Ketua Steering Committee Asyura Nasional 2025, Umar Shahab menegaskan posisi majelis ini sebagai bagian dari perjuangan menegakkan kebenaran. Ia mengingatkan Asyura bukan sekadar peringatan sejarah, melainkan penguatan sikap atas kondisi kekinian yang menuntut keberpihakan.
Keberpihakan itu, kata Umar, harus dijaga karena perjuangan umat Islam belum selesai. Keadilan yang diperjuangkan Husein bin Ali masih menuntut pembela di zaman ini. Maka membangun keyakinan kolektif atas janji kemenangan menjadi bagian dari kesetiaan pada jalan itu bahwa kemenangan, sebagaimana dijanjikan Tuhan, sesungguhnya sudah mendekat.
Ia mengutip Surah As-Saff ayat 13: “Nasrum minallah wa fathun qarib”—pertolongan dari Allah dan kemenangan yang dekat. Ayat ini ia sebut sebagai pengingat bahwa kebenaran tak lagi berada di kejauhan, melainkan sudah menyata di depan mata orang-orang beriman.
“Kita berdiri di pihak kemanusiaan yang adil dan beradab,” ujar Umar melalui keterangannya, Minggu (6/7). Ia juga menolak bentuk demokrasi liberal yang tak menghormati nilai-nilai agama dan menegaskan tak gentar menyatakan kesetiaannya pada Pancasila, NKRI, dan UUD 1945.

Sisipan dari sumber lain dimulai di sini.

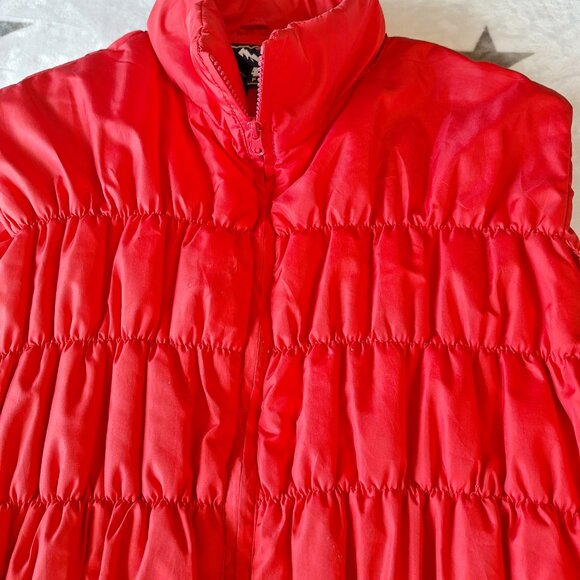 Climate Concepts Plus Size 4X Red  Fleece Lined Zip Puffer Vest Hiking Outdoor - Picture 4 of 10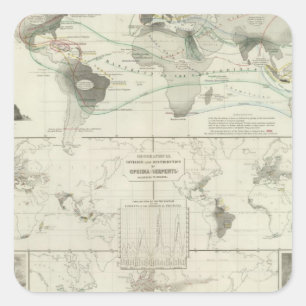 Reptilien, Ophidien Quadratischer Aufkleber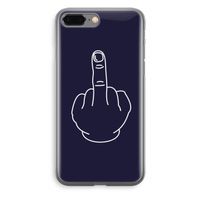 F**k U: iPhone 8 Plus Transparant Hoesje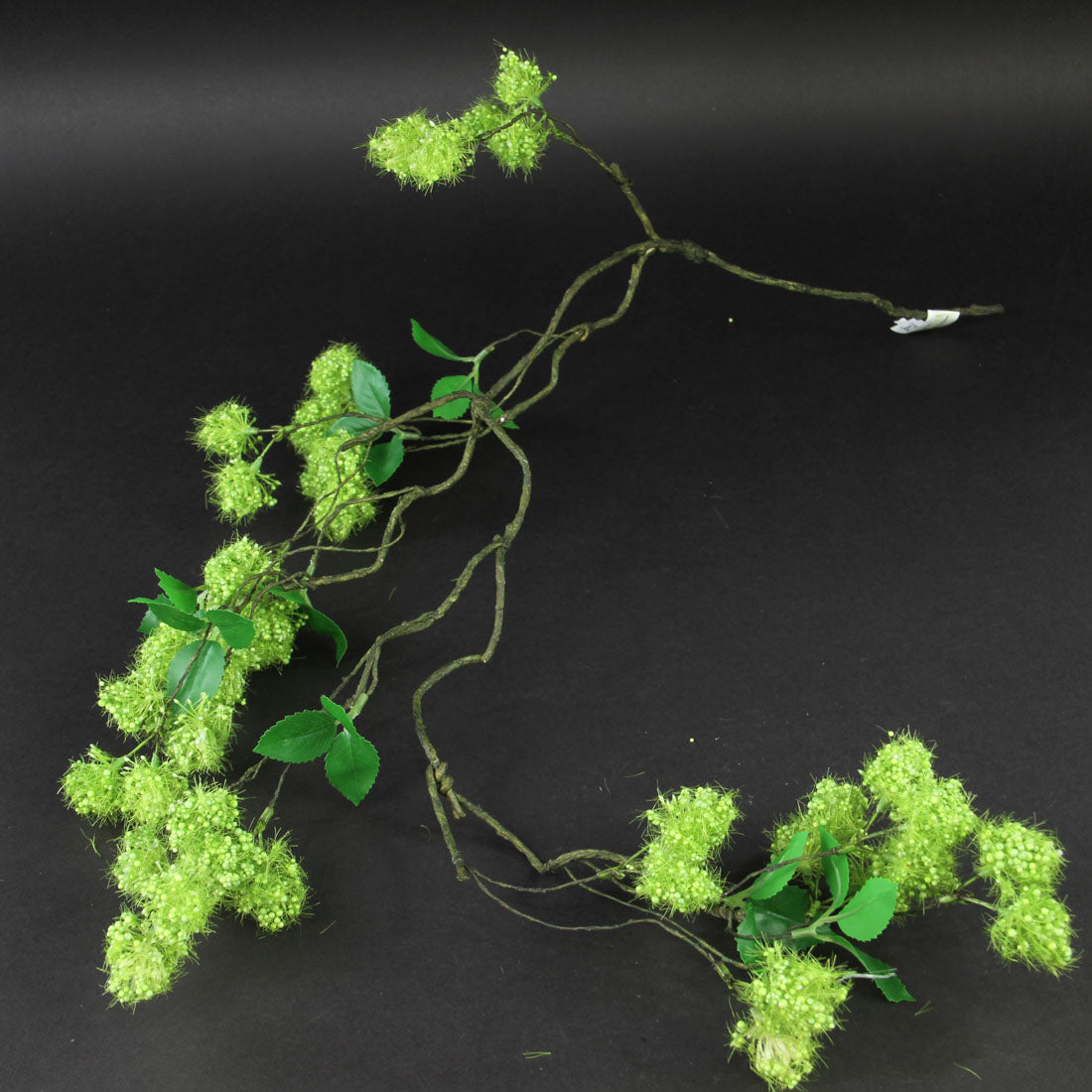 33"PUFF BLOSSOM VINE GREEN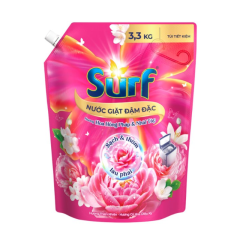 Nước Giặt Surf trắng sạch hương cỏ hoa diệu kỳ túi 3.3Kg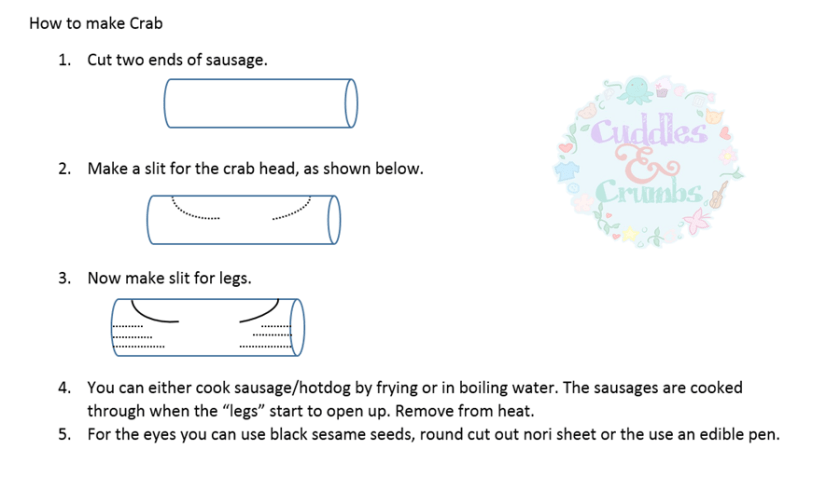 HowToMakeCrabSausageHotdog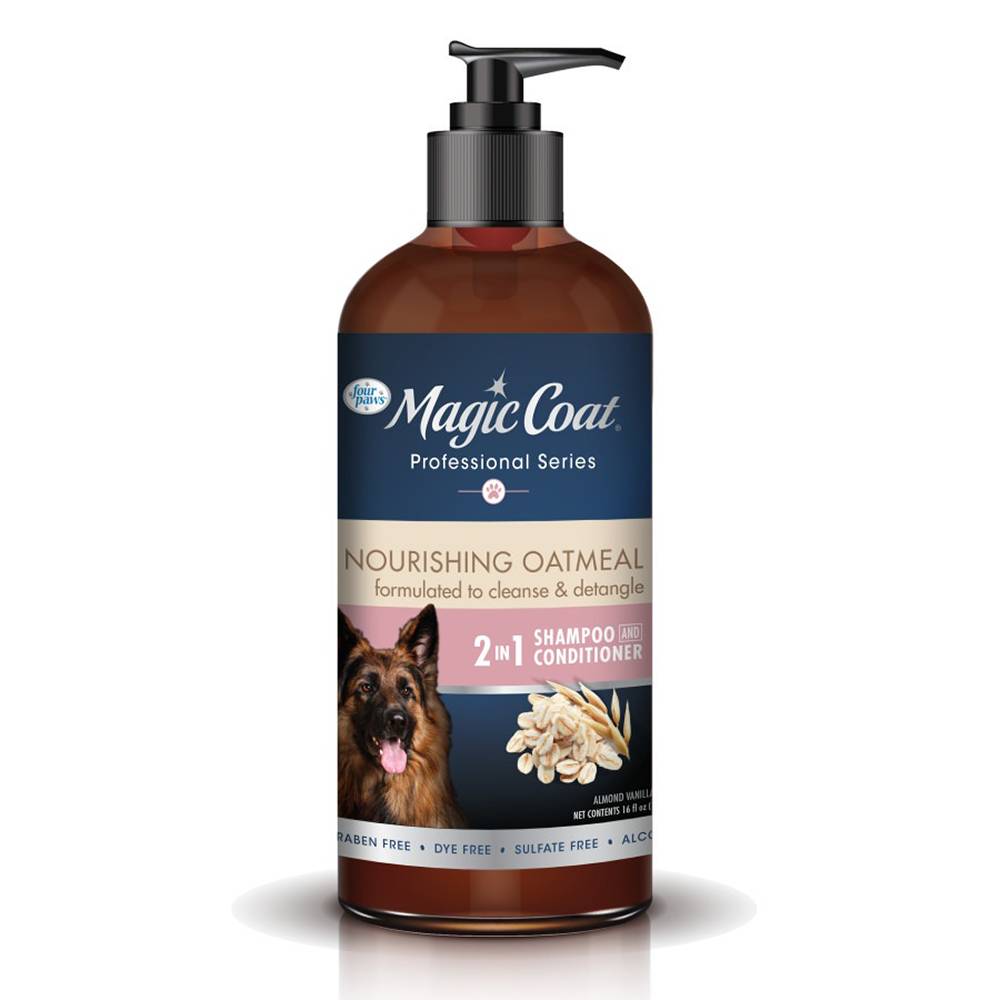 Magic Coat Pro Oatmeal Dog Shampoo and Conditioner 16oz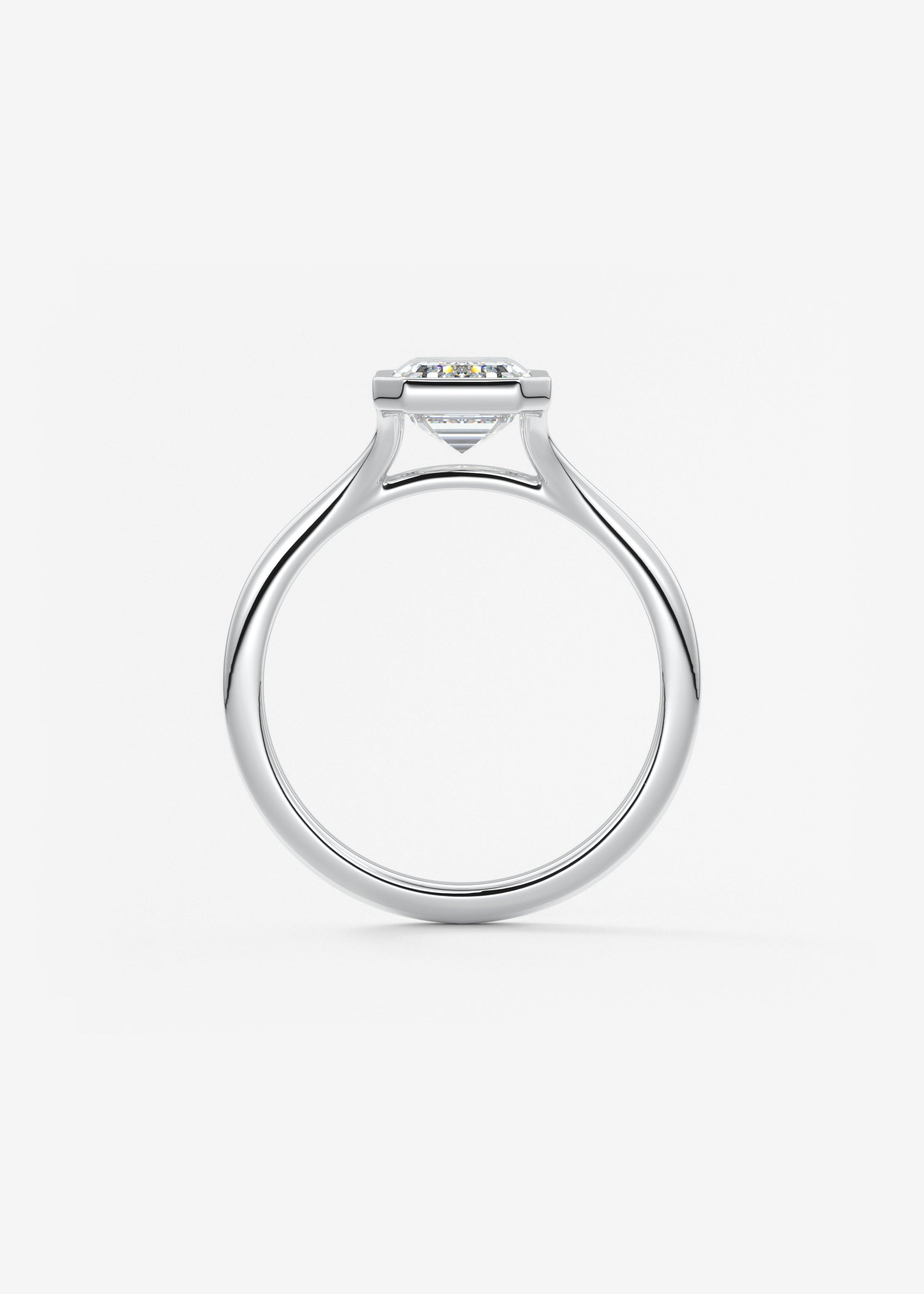 Oval Solitaire With Raised Basket Gallery Lab Grown Diamond Engagement Ring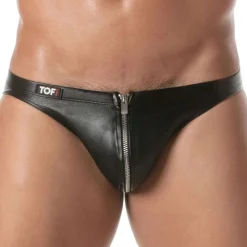 Slip Bikini Zippé Kinky Noir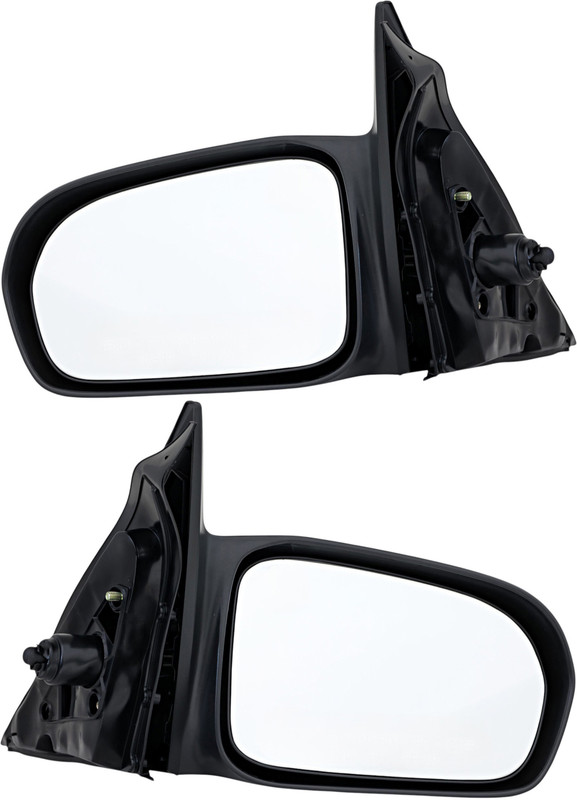 2001-2005 Honda Civic Sedan Side View Door Mirror , Manual Remote , Non-Heated , Textured - Driver and Passenger Side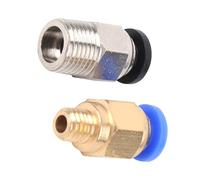 Aramox Raccord Pneumatique 20 Pièces, Acier Inoxydable et Laiton, Tuyau à Connexion Rapide pour Imprimantes 3D, Installation Facile et Conception Compacte pour les Professionnels et les Amateurs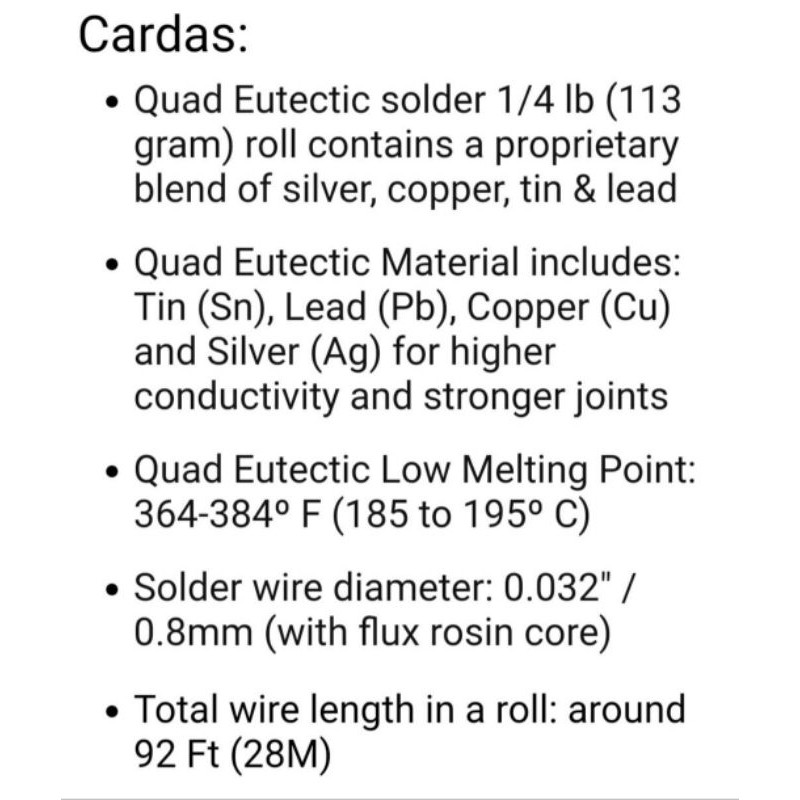 ตะกั่วเงิน-cardas-quad-eutectic-silver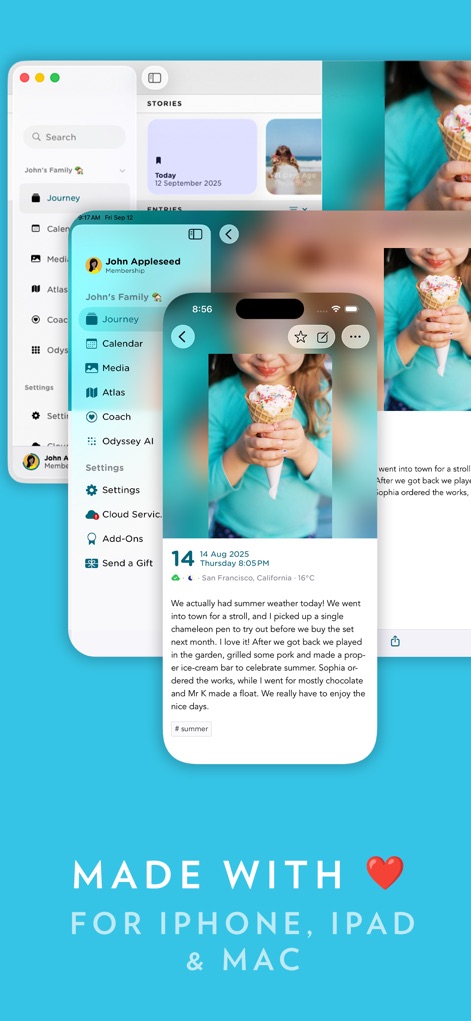 Journey - Diary, Journal - Lifestyle App | MWM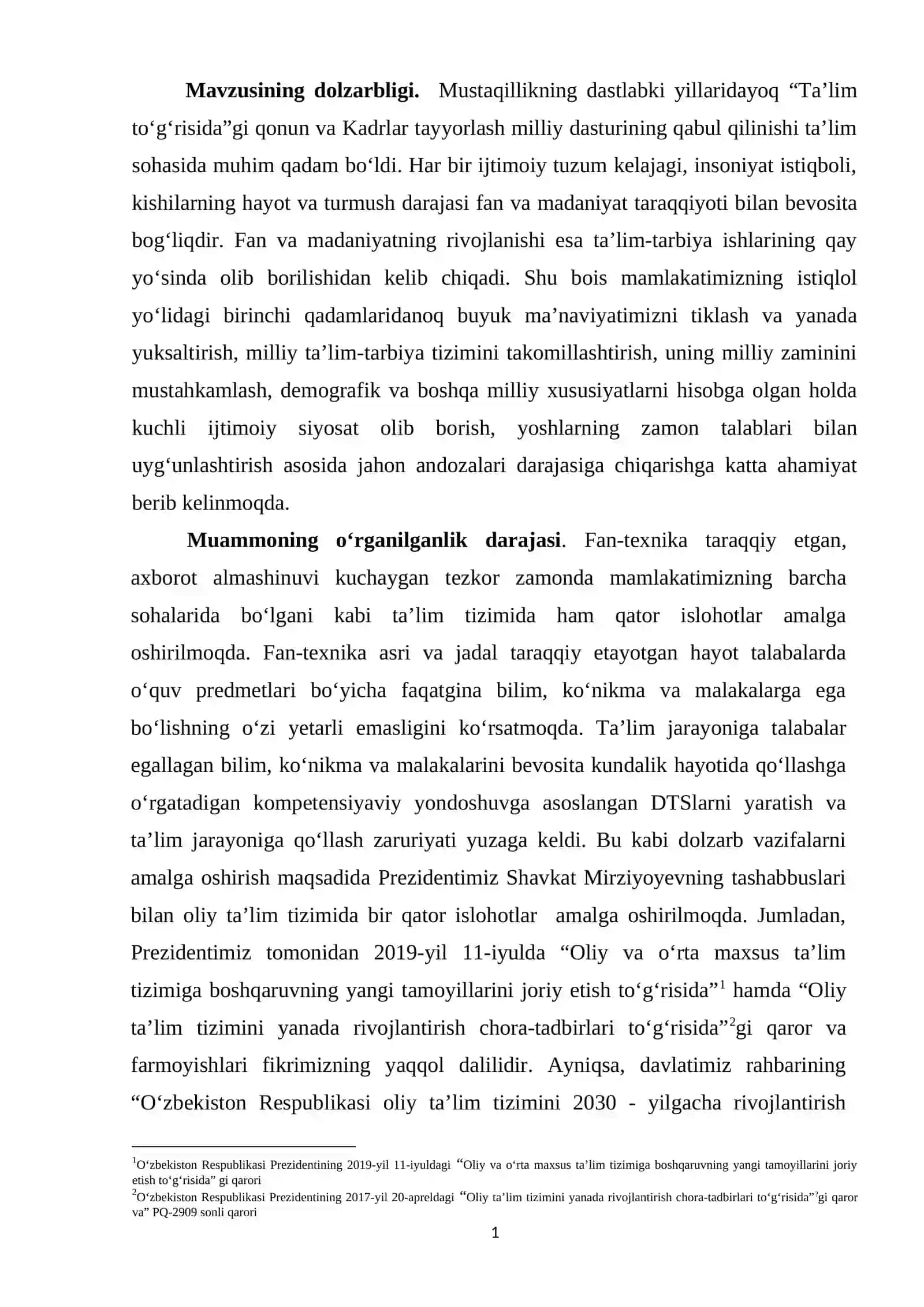 O`ZBEK TILIDA SO`Z TURKUMLARINI O`QITISHNING AMALIY ASOSLARI VA 4K 2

Pandangan Umar meretas dikotomi mazhab—mengganti kesan eksklusif Asyura dengan komitmen kebangsaan. Ia menyambung ajaran Husein, sambil menggugah hadirin agar tetap kritis ketika demokrasi tergerus oligarki atau ekstremisme agama.
Pengisian tausiyah Asyura Nasional, Miqdad Turkan, menyebut Asyura sebagai al-Furqan alias pemisah hak dan batil. Karbala, katanya adalah misi pembebasan dari penghambaan kepada makhluk, dari kebodohanyang membuat manusia tak mampu membedakan kebenaran dan kebatilan.
Ceramah itu mengalir ke isu Palestina. Miqdad menilai tanah suci Al-Quds kini menjelma sebagai Karbala kontemporer, medan yang meminta keberanian kolektif umat Islam untuk tidak tunduk pada okupasi. “Palestina akan merdeka lewat kewibawaan muslimin yang meneladani ketidak-tundukan Imam Husein,” tuturnya.
Sementara itu, Ketua Panitia Asyura Nasional 2025 Mujib Munawan menarik perhatian pada aspek tindakan. Baginya, majelis ini bukan ritual kosong. “Asyura adalah panggilan mengagregasi potensi, menata niat, dan bergerak di barisan kebenaran,” ucap Mujib.